The nylon rope was cutting into the
flesh around his ankles. He was afraid to move because the rope
seemed to give just a little. He was still eight feet above the
ground, and a fall would be disastrous. Inverted, Luther tried to
breathe and collect his wits. He heard Frohmeyer’s big mouth. Would
somebody please shoot me?
“Luther, you okay?” asked
Frohmeyer.
“Swell, Vic, thanks, and you?” Luther
began rotating again, slightly, turning very slowly in the wind.
Soon, he pivoted back toward the street, and came face to face with
his neighbors, the last people he wanted to see.
“Get a ladder,” someone
said.
“Is that an electrical cord around his
feet?” asked someone else.
“Where is the rope attached?” asked
another. All the voices were familiar, but Luther couldn’t
distinguish them.
“I called nine-one-one,” he heard Walt
Scheel say.
“Thanks, Walt,” Luther said loudly, in
the direction of the crowd. But he was revolving back toward the
house.
“I think Frosty’s dead,” one teenager
mumbled to another.
Hanging there, waiting for death,
waiting for the rope to slip then give completely and send him
crashing down, Luther hated Christmas with a renewed passion. Look
what Christmas was doing to him.
All because of Christmas.
And he hated his neighbors too, all of
them, young and old. They were gathering in his driveway by the
dozens now, he could hear them coming, and as he rotated slowly he
could glimpse them running down the street to see this
sight.
The cord and the rope popped somewhere
above him, then gave, and Luther fell another six inches before he
was jerked to another stop. The crowd gasped; no doubt, some of
them wanted to cheer.
Frohmeyer was barking orders as if he
handled these situations every day. Two ladders arrived and one was
placed on each side of Lather. Ned Becker yelled from the back
patio that he’d found what was holding the electrical cord and the
nylon rope, and, in his very experienced opinion, it wouldn’t hold
much longer.
“Did you plug in the extension cord?”
Frohmeyer asked.
“No,” answered Luther.
“We’re gonna get you down,
okay?”
“Yes, please.”
Frohmeyer was climbing one ladder, Ned
Becker the other.

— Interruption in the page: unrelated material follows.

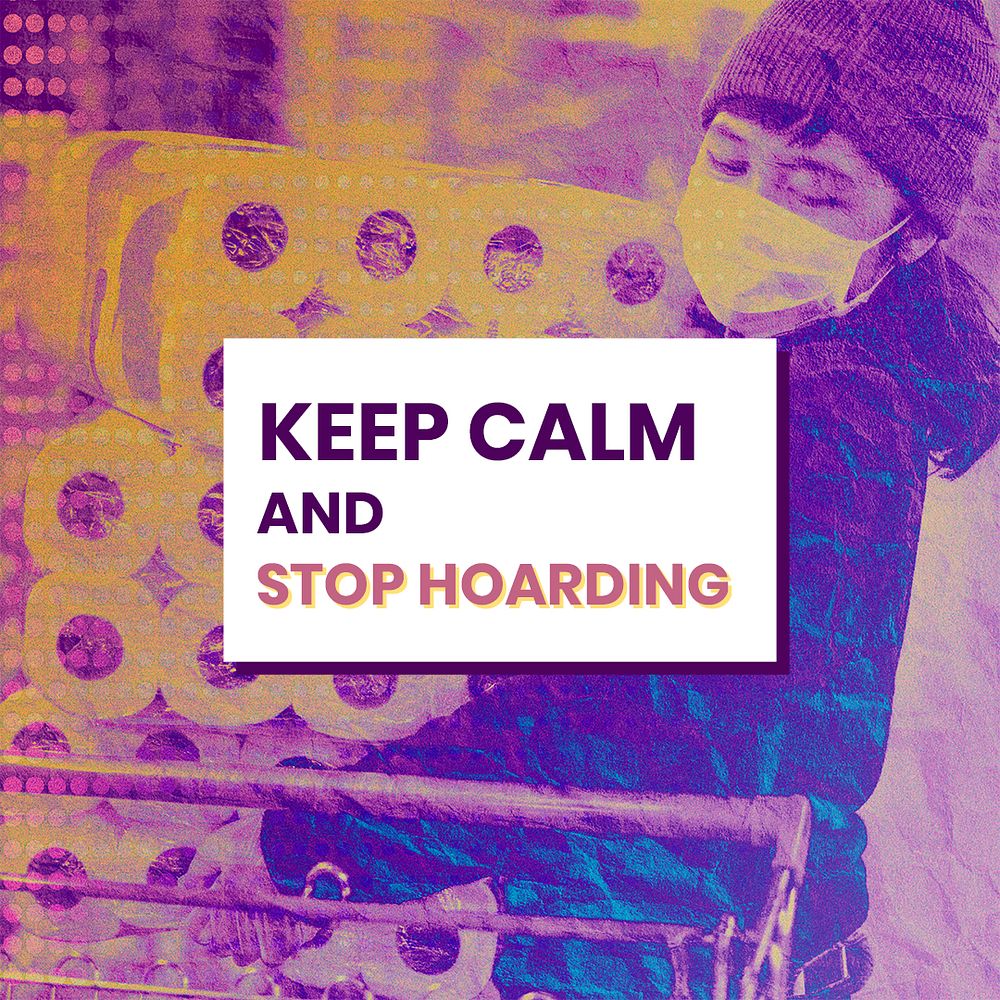 Keep calm and stop hoarding during coronavirus outbreak social template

Luther was aware that Swade Kerr was down there,
as were Ralph Brixley and John Galdy, and some of the older boys on
the street.
My life is in their hands, Luther said
to himself, and closed his eyes. He weighed one seventy-four, down
eleven for the cruise, and he was quite concerned with how,
exactly, they planned to untangle him, then lower him to the
ground. His rescuers were middle-aged men who, if they broke a
sweat, did so on the golf course. Certainly not power lifting.
Swade Kerr was a frail vegetarian who could barely pick up his
newspaper, and right then he was under Luther hoping to help lower
him to the ground.
“What’s the plan here, Vic?” Luther
asked. It was difficult to talk with his feet straight above him.
Gravity was pulling all the blood to his head, and it was
pounding.
Vic hesitated. They really didn’t have
a plan.
What Luther couldn’t see was that a
group of men was standing directly under him, to break any
fall.
What Luther could hear, though, were
two things. First, someone said, “There’s Nora!”
Then he heard sirens.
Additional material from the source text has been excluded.